* _COLLECTED MATERIAL_
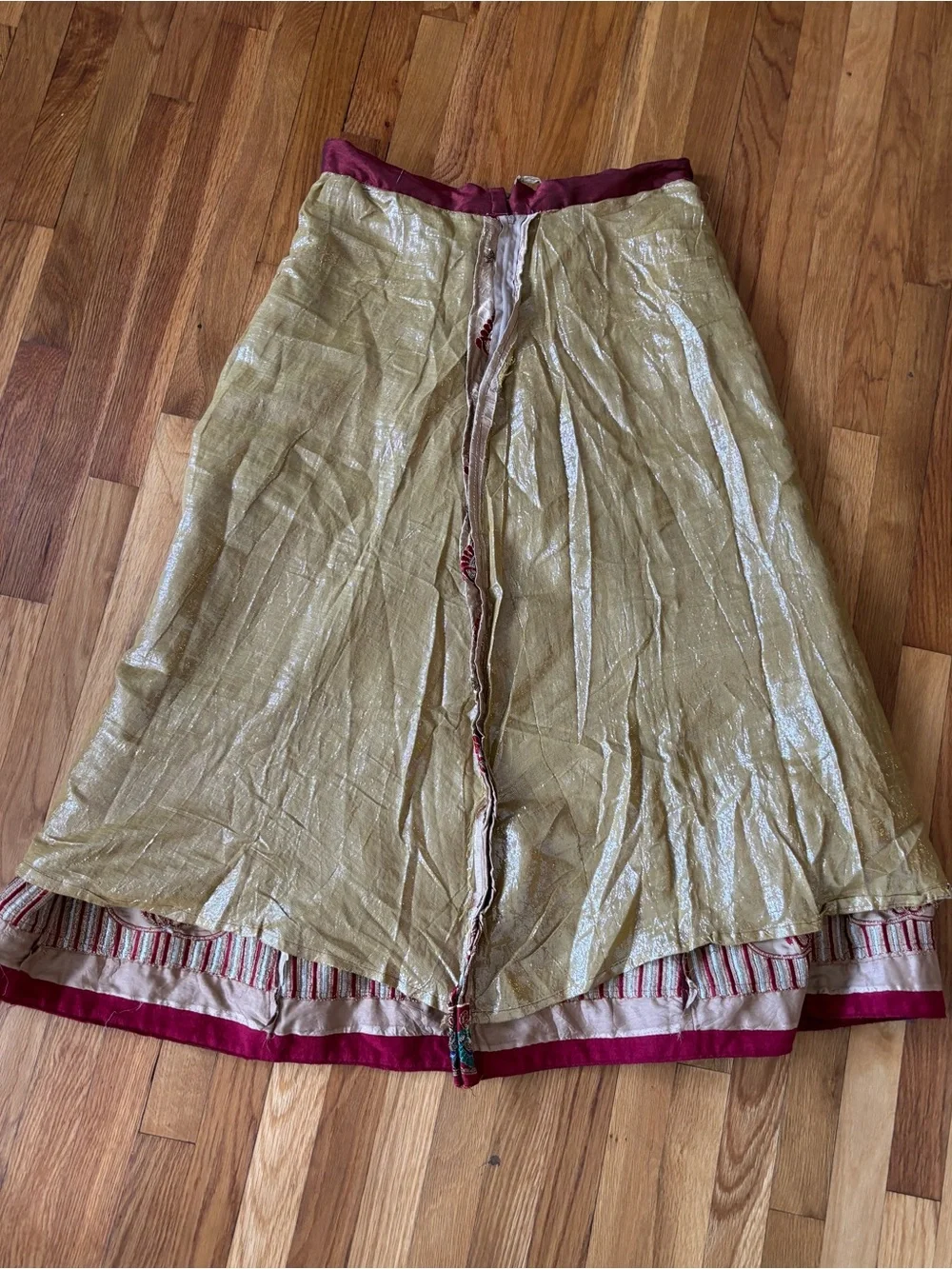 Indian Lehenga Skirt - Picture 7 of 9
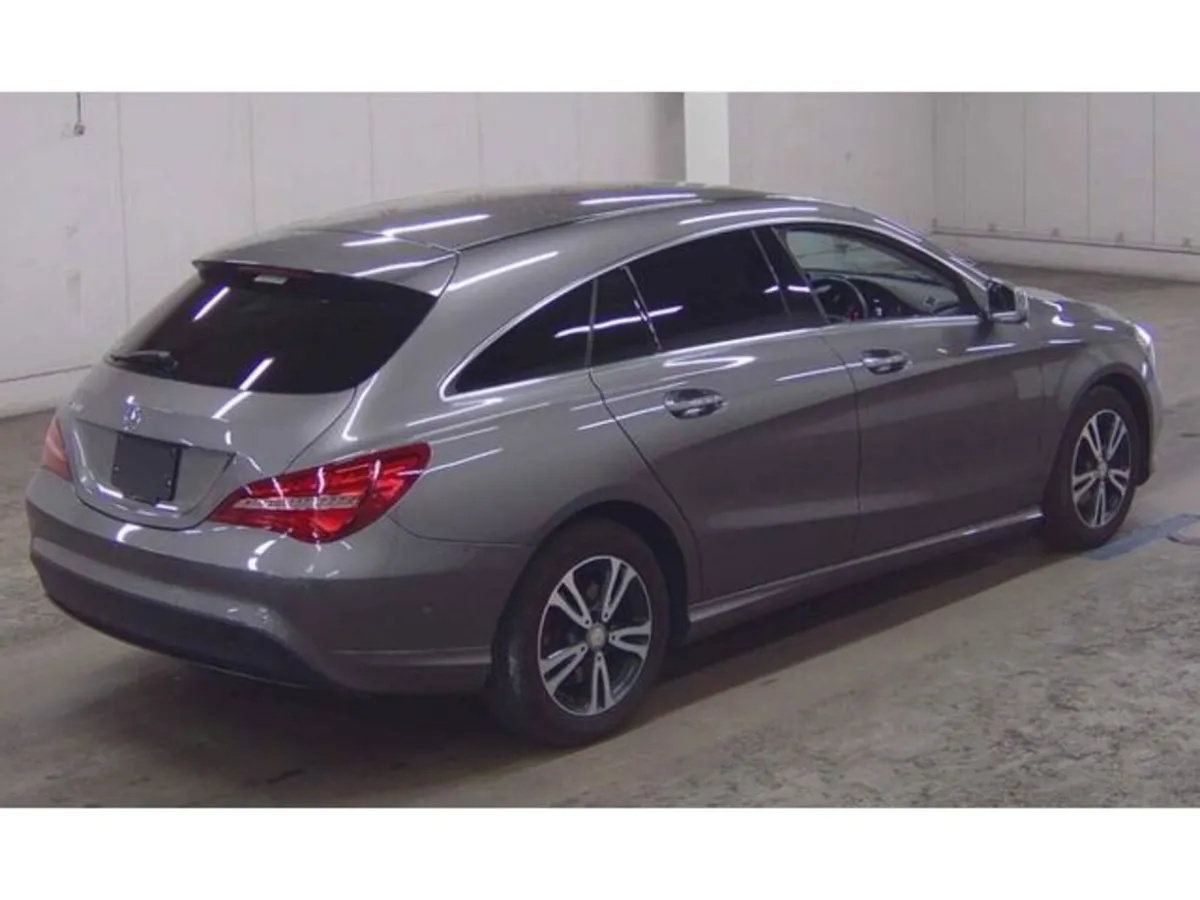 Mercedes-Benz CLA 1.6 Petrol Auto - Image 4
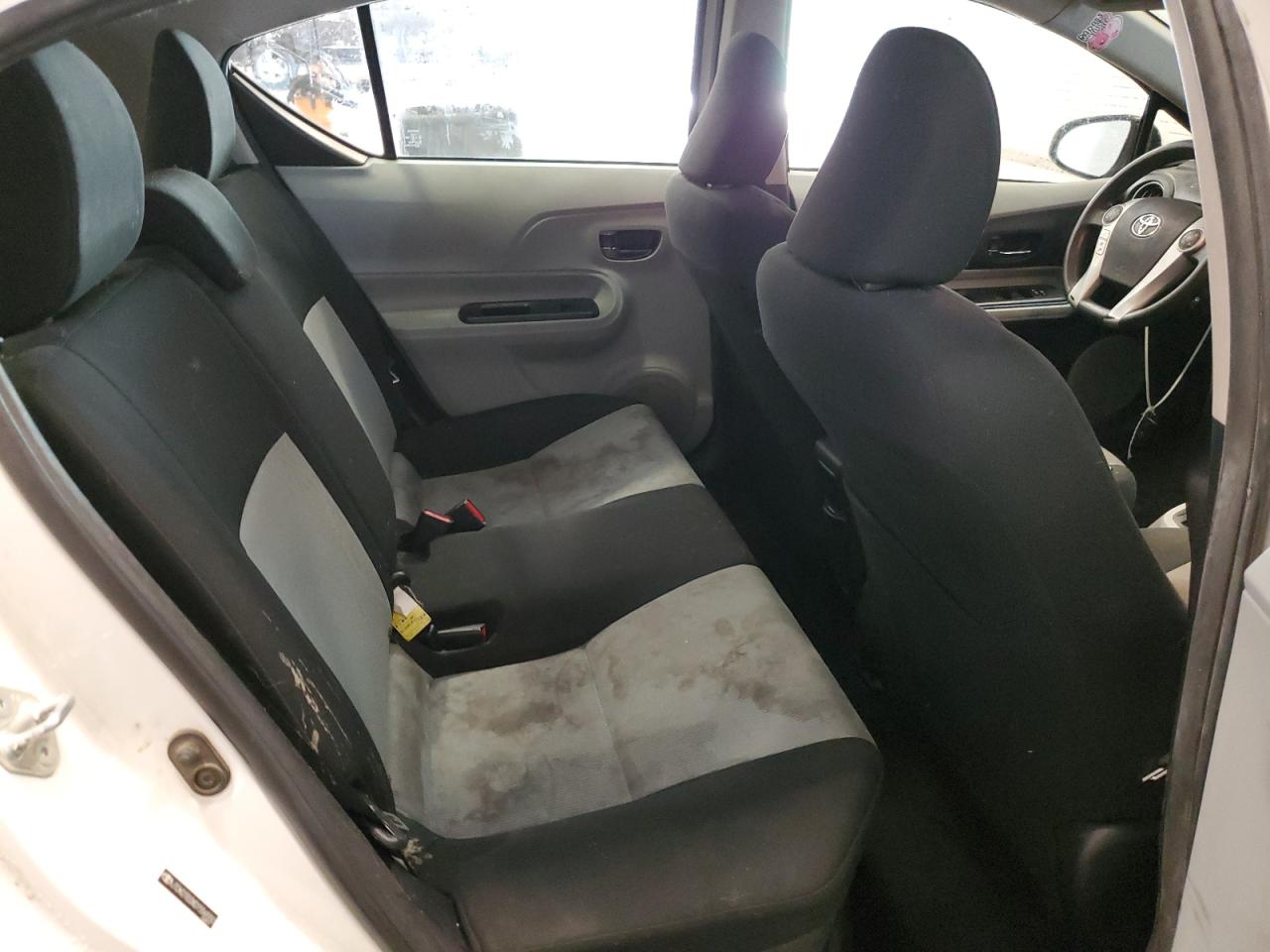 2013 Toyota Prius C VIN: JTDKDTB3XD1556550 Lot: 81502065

* _PROBLEM REQUIREMENTS_
When an image appears in the data, skip it and output the rest exactly.

* _OUTPUT FOR THIS EXERCISE_
 Indian Lehenga Skirt - Picture 7 of 9
 Mercedes-Benz CLA 1.6 Petrol Auto - Image 4
 2013 Toyota Prius C VIN: JTDKDTB3XD1556550 Lot: 81502065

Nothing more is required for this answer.